DATA SHOWN Start Marker

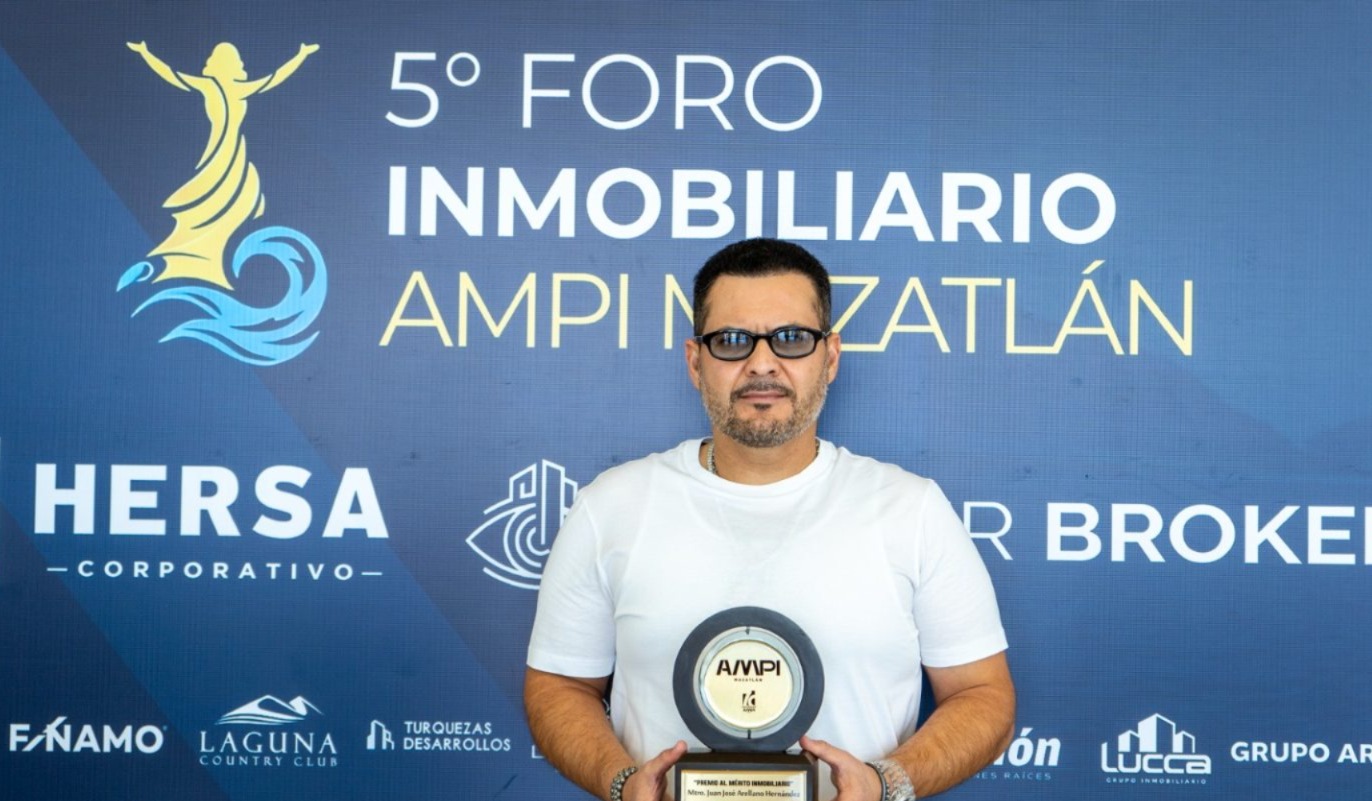 Juan José Arellano recibe el Premio al Mérito Inmobiliario en Mazatlán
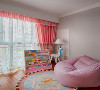 5、儿童房装修：业主特别注重女儿房的设计，所以，原本的景观阳台纳入儿童房，成为小公主的学习空间。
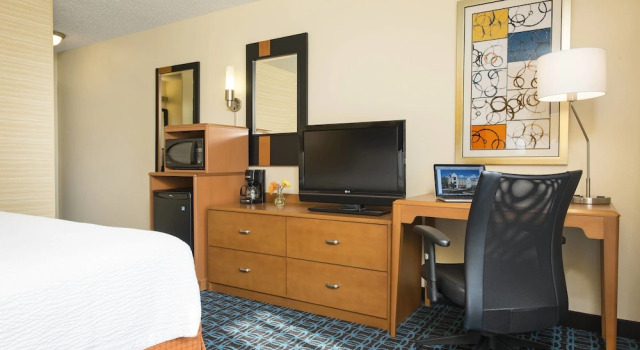 Двухместный номер Standard Fairfield Inn & Suites by Marriott Bloomington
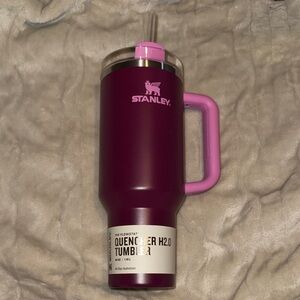 Stanley Quencher H2.0 Tumbler - Rose Bouquet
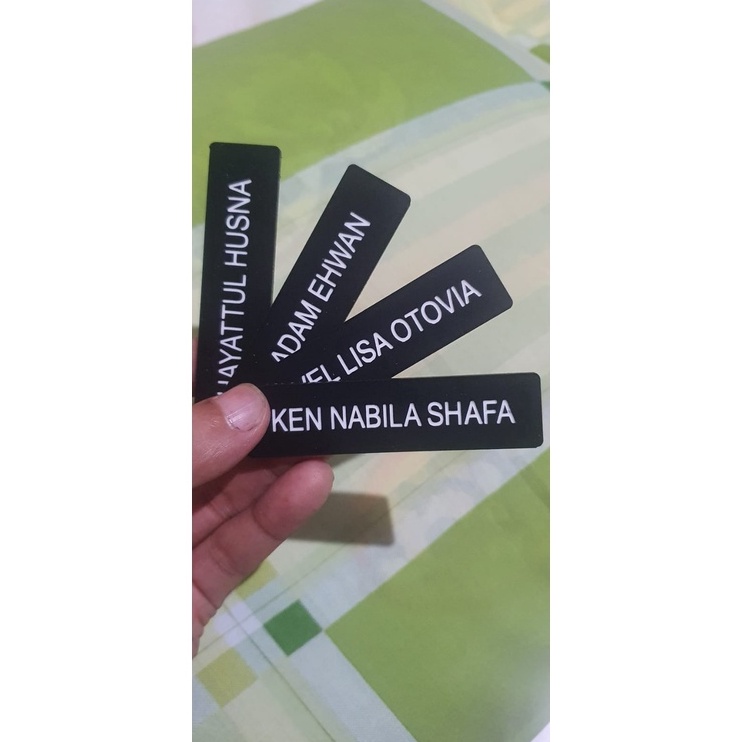 

➬ Nama Dada / Name Tag grafier / grafir Akrilik hitam dof Magnet eq7hf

DATA SHOWN End Marker

> WHAT YOU SHOULD DO: Your reply should restate every entry exactly, with the pictures left out.

> REPLY:
 Juan José Arellano recibe el Premio al Mérito Inmobiliario en Mazatlán
 5、儿童房装修：业主特别注重女儿房的设计，所以，原本的景观阳台纳入儿童房，成为小公主的学习空间。
 Двухместный номер Standard Fairfield Inn & Suites by Marriott Bloomington
 Stanley Quencher H2.0 Tumbler - Rose Bouquet

➬ Nama Dada / Name Tag grafier / grafir Akrilik hitam dof Magnet eq7hf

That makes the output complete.